Its place name means "stone point" in Tehuelche. Gaiman is considered the epicentre of Welsh tradition, as displayed by its brick walls, Methodist chapels, Eisteddfod festivals of music and poetry, bilingual schools (Spanish and Welsh) and its famous tea houses.
"We’re now working with great enthusiasm to restore the stone house which was the first building constructed by the settlers " said Diana Owen Williams, Gaiman’s cultural director and a fourth-generation descendent whose forebears "arrived in the sailboat Vesta."
So why did the Welsh pick Patagonia and more exactly the lower valley of the Chubut River?
Most historians writing on the phenomenon recall that the demand of heavy industry for iron and coal, abundant in Wales, triggered a veritable "English invasion" during the 19th century, threatening their culture and fundamentally their language.
"It has been said that the Welsh sought self-government in the Argentine south, which was never considered for the simple fact that it was against Argentine territorial law, but they did have the outlandish idea of making Welsh the main language in that new Argentine province," wrote historian F. E. Roberts.
Gaiman’s mayor goes beyond that. "In Gaiman there are more Welsh-speaking people than in Wales itself where it has been gradually lost and everybody speaks English,” says Owen. “If the dream of the settlers was to keep their language alive, I think they won that cultural battle in part."
What at first sight seems an exaggeration might not be, taking into account that when the Welsh premier Cawyn Jones visited Chubut in 2015, he could only express himself in English, to the surprise of his hosts.
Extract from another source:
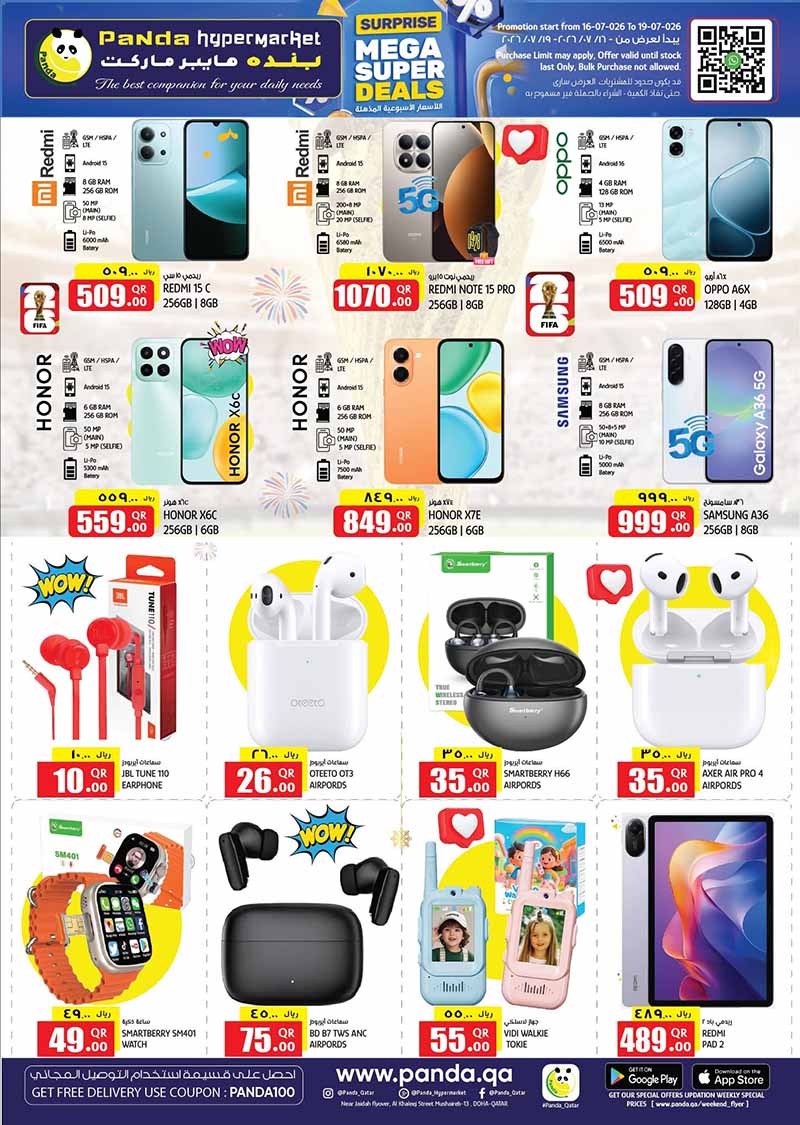 Panda Hypermarket MEGA SUPER DEALS — flyer page 13 of 13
Gaiman’s first kindergarten "Ysgol Gymaraeg" teaches in Spanish and Welsh, while the secondary school "Instituto Camwy" teaches Welsh alongside English and French.
Another tradition typical of the community is local "Welsh tea," accompanied by pastries among which "black cake," only prepared in Patagonia, is said to be based on recipes made by the first settlers with ingredients of the zone and what little they had brought with them.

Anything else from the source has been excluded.